Spring is probably a better time to sell something like this, if you can wait.
Edit to add:
Never give someone "Your Bottom Line" on-line, or over the telephone. If for no other reason than these contacts are often scammers only looking for your personal info. "Come take a look, and bring cash" is a better response. Remember the old car salesman motto: "Cash talks, Bullsh*t walks." :-D


----------



## Dreamcatcher Arabians (Nov 14, 2010)

That looks like a nice, well cared for trailer. Around here, I'd probably list it for $9500-$11,000, once I looked at Craigslist and I'd see how it goes. I bought a trailer in not as good condition as yours is and had to really barter to get the price down under $15000. It was a 4 horse gooseneck, not living quarters but has a nice big front tack as well as a back tack. It's also oversized for hauling thoroughbreds.
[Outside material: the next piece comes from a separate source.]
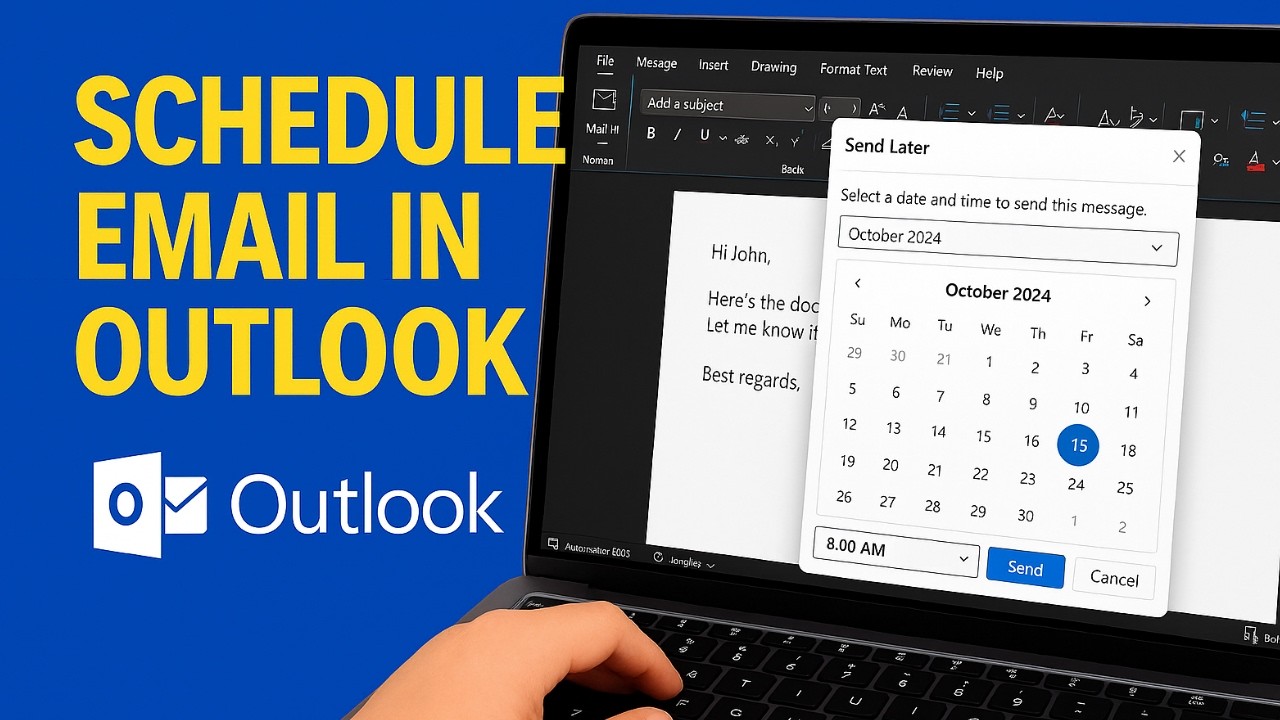 How to Schedule Sending an Email&ndash; New & Classic Outlook Versions (Delay Delivery Tutorial)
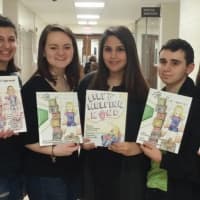 <p>Shannon Stemper, Andie Bigos, Carlie Rein, Kayla Vincent, Nicole Mofrad, Andrew Favorito, Alexandra Capodicasa, Sara Takubo and Marianna Maltsev display their children&#x27;s book &quot;Lily the Learner&quot;</p>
So, don't be afraid to ask for the moon and take the stars if offered.


----------



## PokerPearlPonies (Nov 17, 2021)

I don’t know anything about how to price it but really wish I could buy it!


----------



## 4horses (Nov 26, 2012)

Yes that is a nice little trailer and I would buy it if it was in my area. Around here you could probably get 8-12,000, maybe more. Depends on what it was worth new with depreciation. Most aluminum trailers go for $7000 and up.


----------



## horselovinguy (Oct 1, 2013)

You may be under-valuing your trailer.....




__





Search







horsetrailerworld.com




I looked at the above link putting in used, 2-horse, bumper pull and tack compartment...
For the year of and close to it....most trailers I saw that looked similar were in the $14,999 -$19,999 range.
Now, exactly what yours is worth....well, the link is a business making profit and giving a warranty often so...
The trailer is worth what the area will pay for it...
Never, ever give a set number price... 
It is open for discussion is about all they would get from me. 
Price it high and negotiate but that no lower number is yours and never disclosed to anyone looking to buy. 
You could cheat yourself out of thousands that way... 
🐴...


----------



## UnhingedFell (Oct 10, 2021)

Well, I've decided to list it high at $17,500 and see what happens.
Wish me luck!


----------



## ilovehorsrs (Dec 13, 2021)

I've been looking at offers for similar trailers for more than a month and I'm always surprised how people put a high price tag on killed trailers, in my opinion. Yours looks like candy, so good luck with the sale


----------